In his NYT article, Seth suggests that analysis of the location of Internet users searching Google for “I can’t smell” could provide valuable information about outbreaks of COVID-19.

To see the potential information lying in plain sight in Google data, consider searches for “I can’t smell.” There is now strong evidence that anosmia, or loss of smell, is a symptom of Covid-19, with some estimates suggesting that 30-60 percent of people with the disease experience this symptom.

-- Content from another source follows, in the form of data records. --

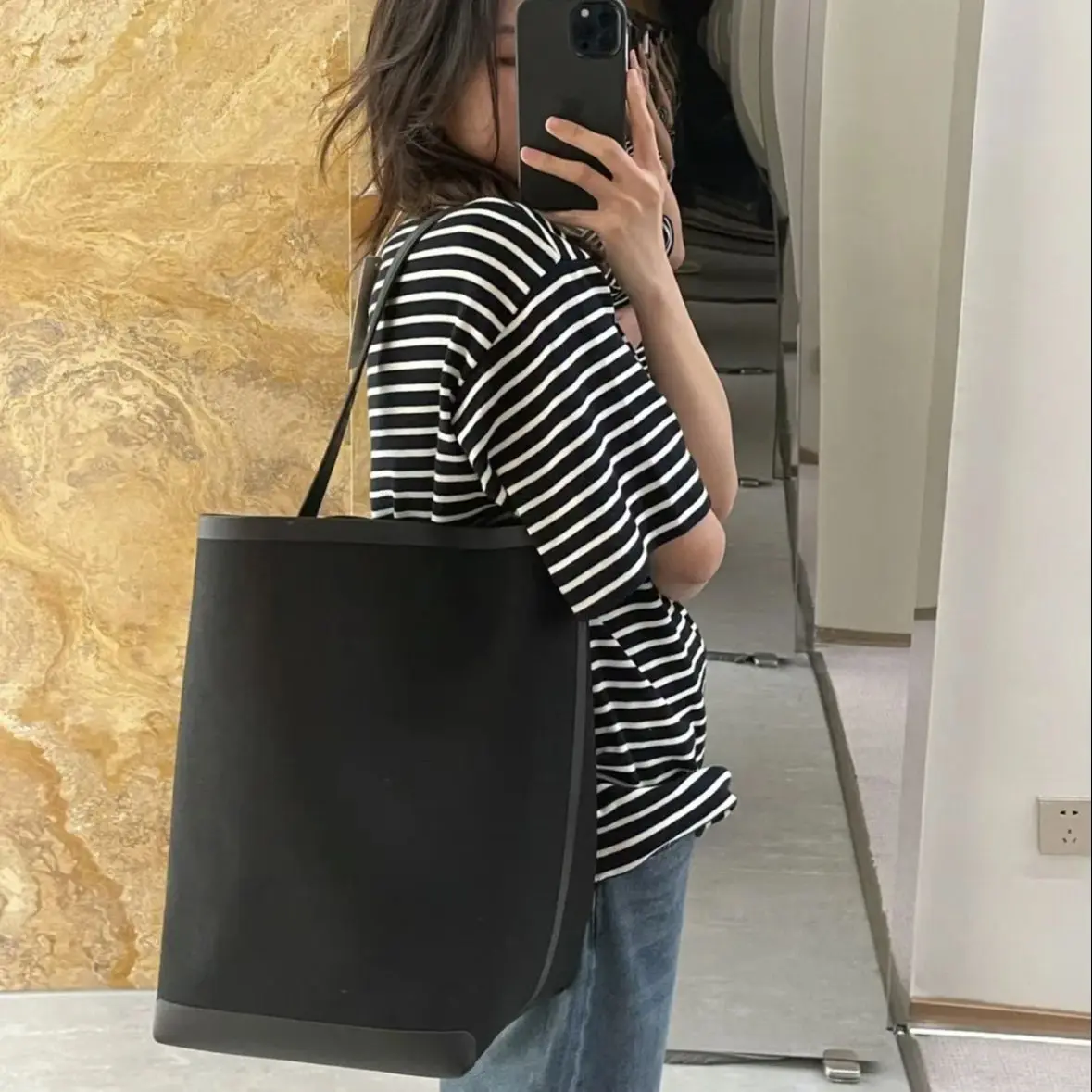 Women's Commuting Hundred R0* Bucket Bag Large Capacity Canvas Shoulder Tote Large Bags Shopping Handbag Women's Package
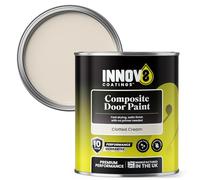 INNOV8 COATINGS COMPOSITE DOOR PAINT - 750 ml - No Primer or Top Coat - Fast Drying - Satin Finish - Clotted CREAM - Exterior Door Paint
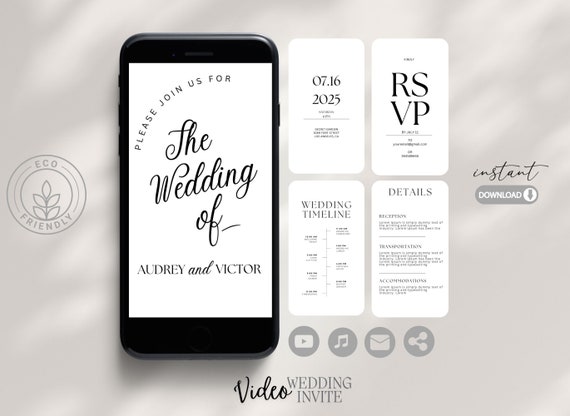 Video wedding invite, animated wedding invite, electronic invite, video invitation, digital invitation, video canva template, video rsvp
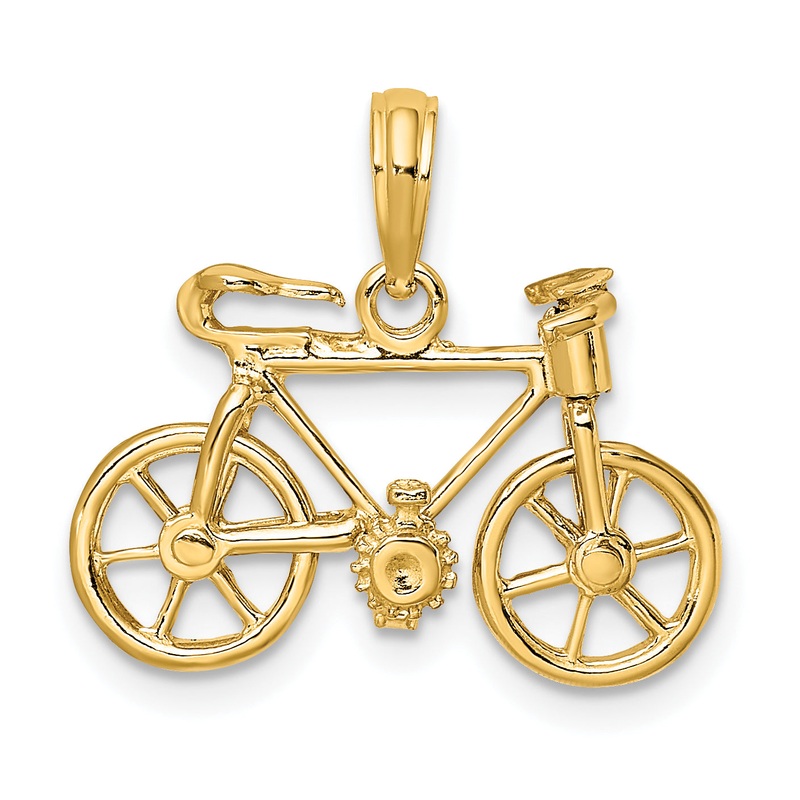 10K Yellow Gold 3-D Moveable Bicycle Charm
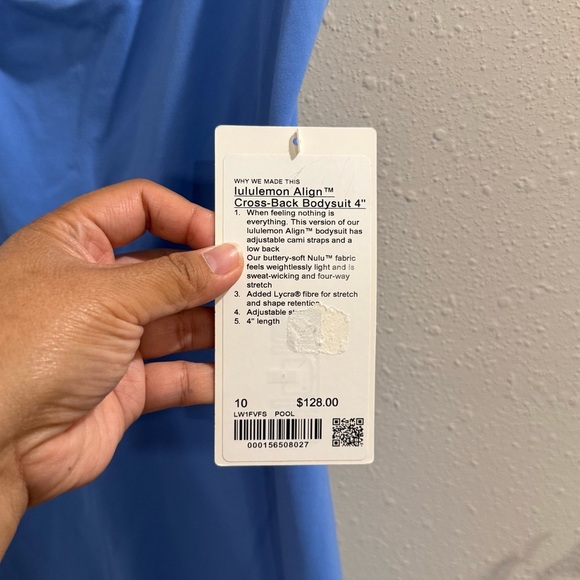 Lululemon NWT 10 Pool Align Cross-Back Bodysuit 4” Stretch Athletic Performance - Picture 3 of 5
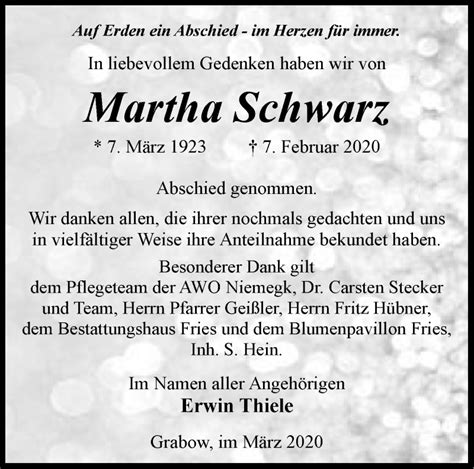 Traueranzeigen von Martha Schwarz Märkische Onlinezeitung Trauerportal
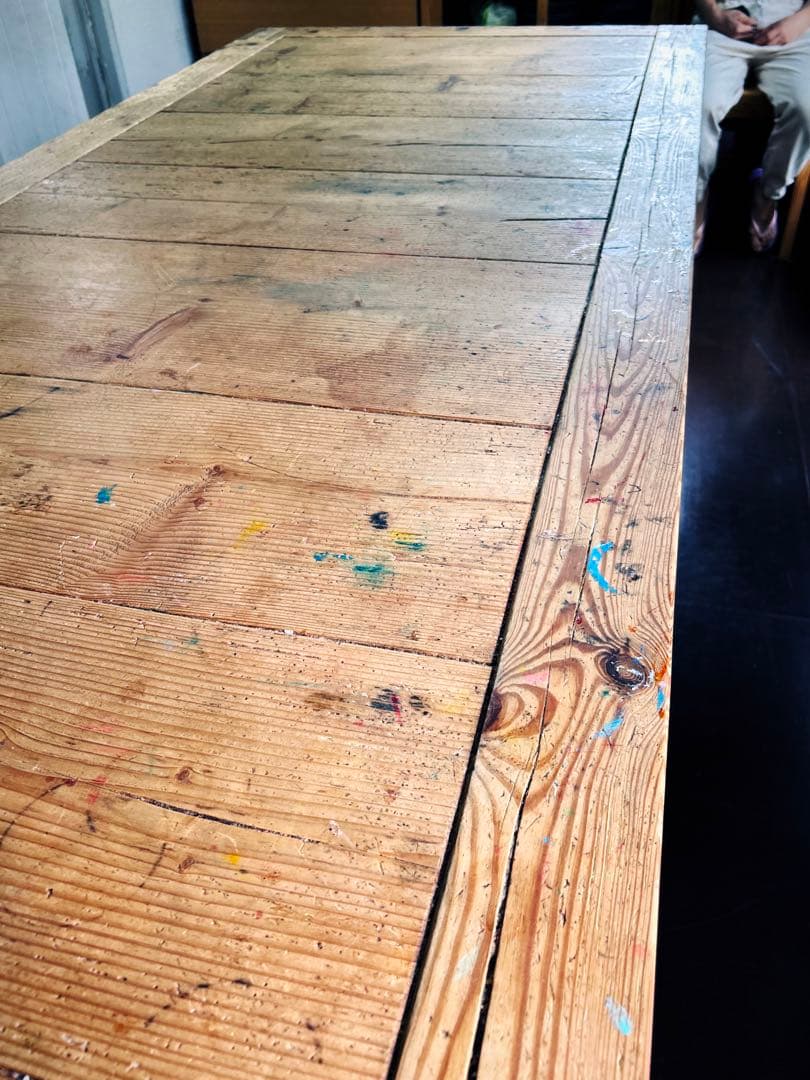 無垢材テーブル　100年以上前の古材　アルプス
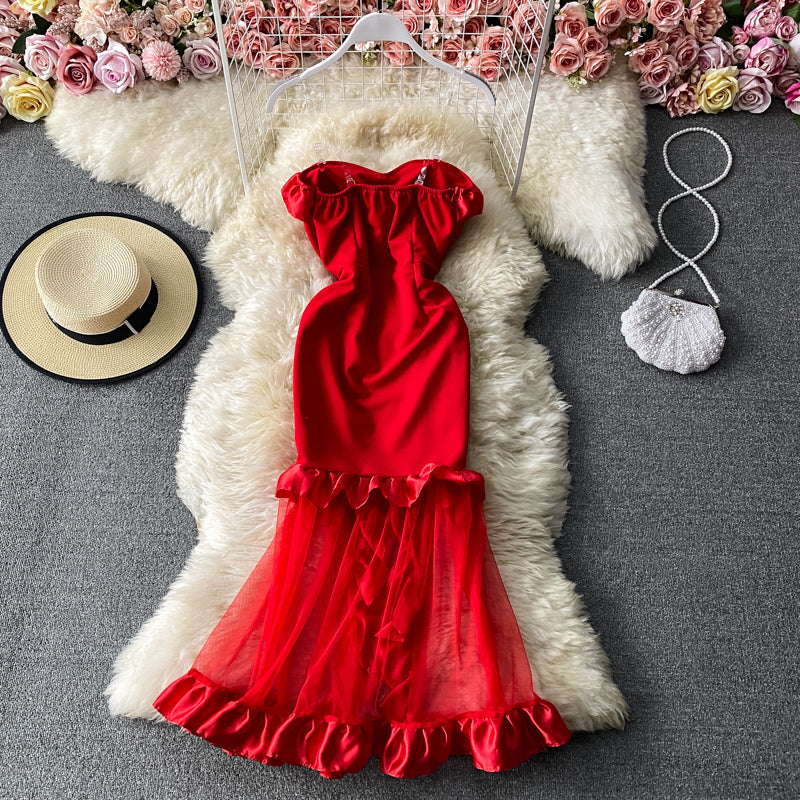 Robe sexy en queue de poisson avec sac à bandoulière exposé sans bretelles et coutures en maille de gaze 3033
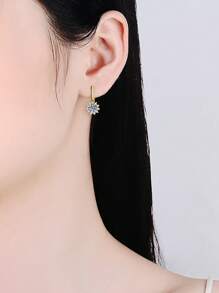 2 Stücke elegante und luxuriöse 925 Sterling Silber 1 Karat gelber Moissanit Schneeflocken Ohrringe, geeignet für den täglichen Gebrauch von Frauen, Hochzeitskette, Ewige Kette, Valentinstag, Muttertag, strahlende Schmuckgeschenke für sie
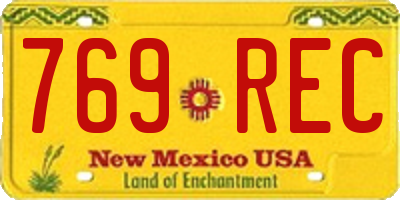 NM license plate 769REC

In the United States, in the week ending this past Saturday, searches for “I can’t smell” were highest in New York, New Jersey, Louisiana, and Michigan — four of the states with the highest prevalence of Covid-19. In fact, searches related to loss of smell during this period almost perfectly matched state-level disease prevalence rates, as the accompanying chart shows.

Other researchers have found that a bevy of symptom-related searches — loss of smell as well as fever and shortness of breath — have tracked outbreaks around the world.

Because these searches correlate so strongly with disease prevalence rates in parts of the world with reasonably good testing, says Stephens-Davidowitz, we can use these searches to try to find places where many positive cases are likely to have been missed.

It’s possible that this correlation won’t be stable over a long time. (There was a surge of excitement a few years ago when it was discovered that Google searches provided earlier advance warning of ordinary flu outbreaks in the US than the CDC could produce; but that turned out to be a fluke.) This particular correlation, though, seems to hold across some parts of the world.

There is already some evidence that clues to this symptom were evident earlier in search data. Joshua Gans, a professor at the Rotman School of Management at the University of Toronto, found that searches for “non sento odori” (“I can’t smell”) were elevated in Italy days before the symptom was reported in the news. Iran also saw an enormous rise in searches related to loss of smell weeks before media reports of the symptom became common.

Anyway, worth trying for the testing-challenged UK.